Independent candidates running in the national and provincial elections in 2024 have failed to persuade the Constitutional Court that the Electoral Amendment Act, which was passed into law in April, infringed their rights.
The complainants contested both the entry threshold for independent candidates for the national election and the number of seats available to independent candidates in the National Assembly.
The Independent Candidates Association (ICA) and Build One South Africa (Bosa) submitted the matter to the Apex Court, requesting that the court decide on the constraints imposed on them.
This covered whether it is unreasonable and contradictory with the Constitution to limit independent candidates to only 200 of the 400 members in the National Assembly.

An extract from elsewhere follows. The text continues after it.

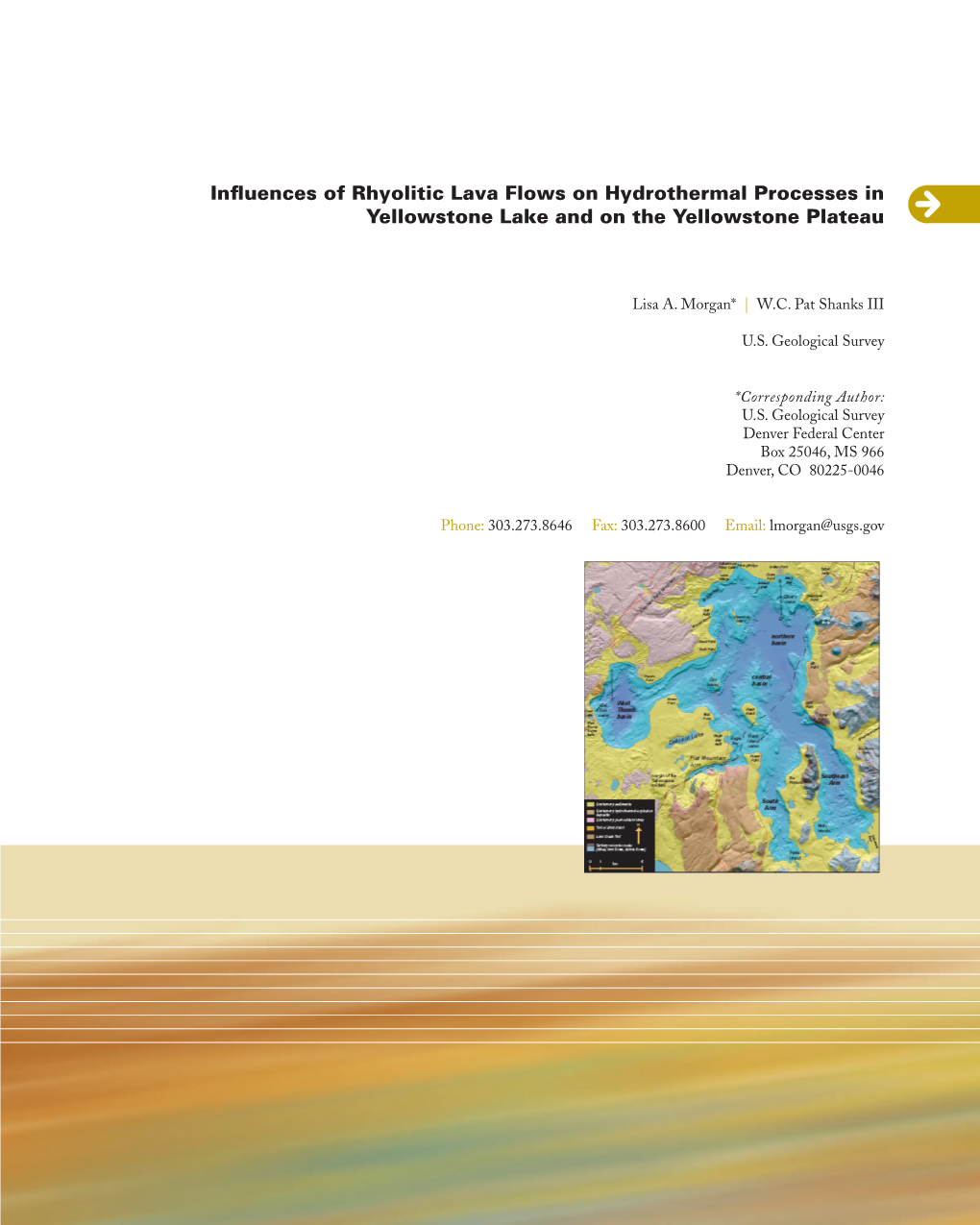 Influences of Rhyolitic Lava Flows on Hydrothermal Processes In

The ICA aimed to compete for at least 350 seats.
The petitioners also want the number of signatures necessary to contest an election reduced from 10,000 to 1,000.

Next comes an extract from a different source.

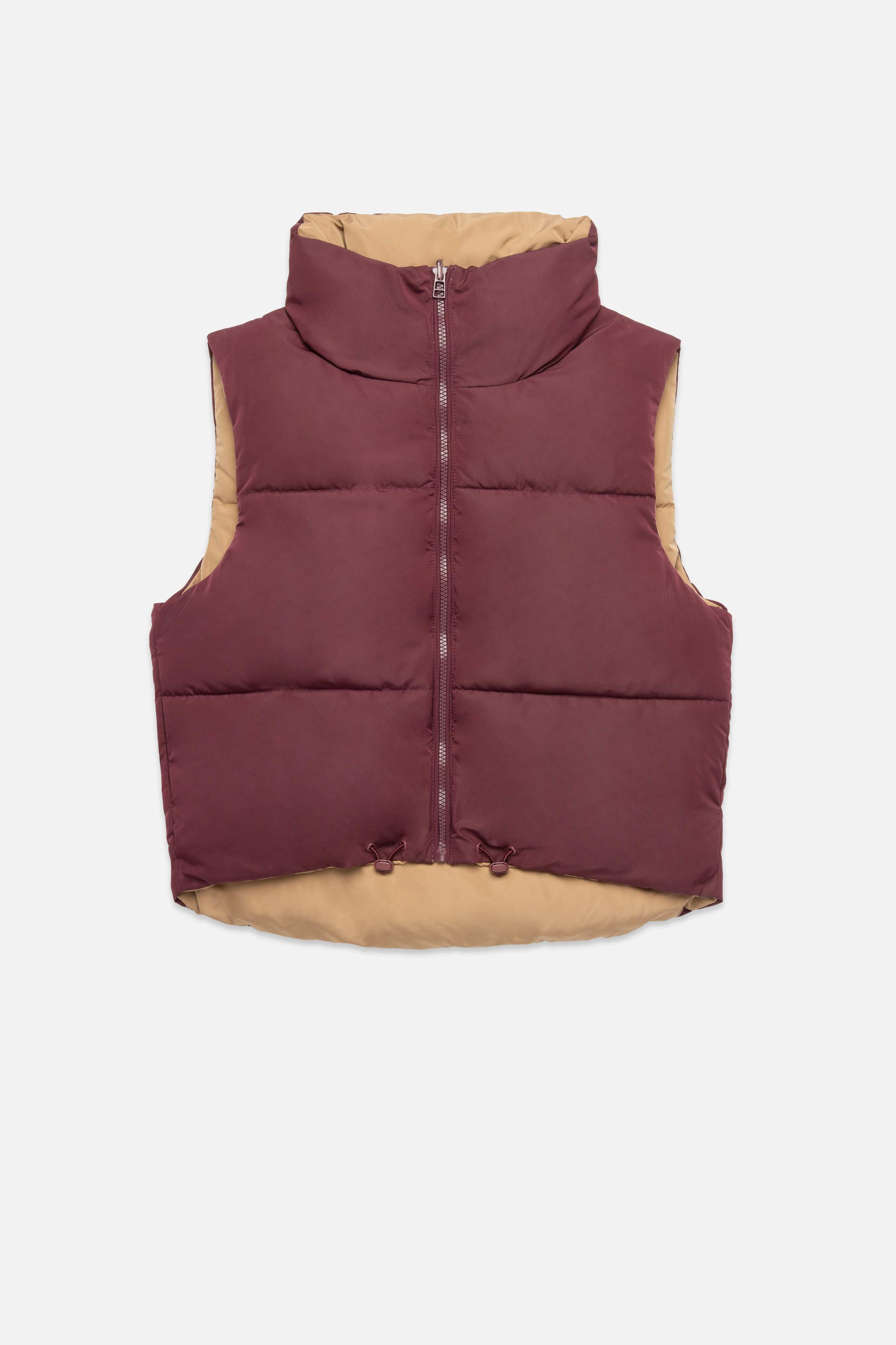 KANSAS REVERSIBLE PUFFER GILET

Independent candidates who are not affiliated with political parties will be permitted to run for office for the first time in 2024.

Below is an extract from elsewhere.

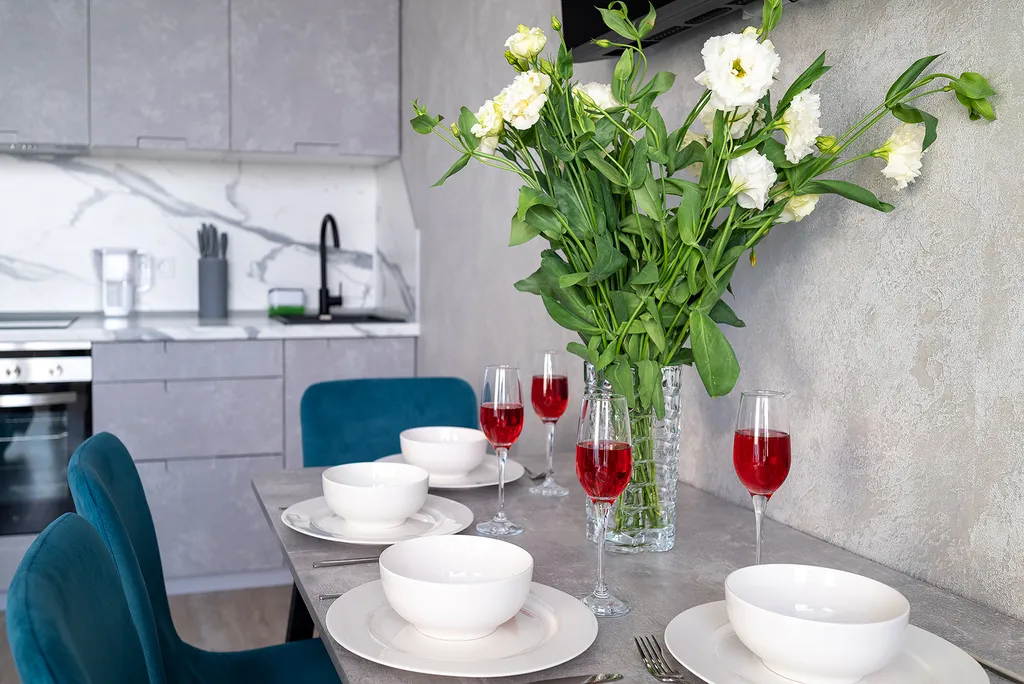 Студия с видом на море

The Electoral Amendment Act, which divides the 400 Parliamentary seats into 200 regional seats and 200 national seats, was not illegal or unreasonable, according to Justice Nonkosi Mhlantla, who delivered the verdict on Monday.
“The applicant failed to prove it is irrational or that it infringes on a provision in the Bill of Rights. Therefore, the applicants have not made out a case to justify a declaration of constitutional invalidity,” Justice Mhlantla said.
Mhlantla added that the apex court could not interfere with a decision “simply because it disagrees with it”.
“Even if the 350/50 split proposed by the applicants might arguably be fairer and achieve proportionality, Sections 46(1) and 105(1) of the Constitution expressly leave the choice of the electoral system in Parliament’s hands,” she said.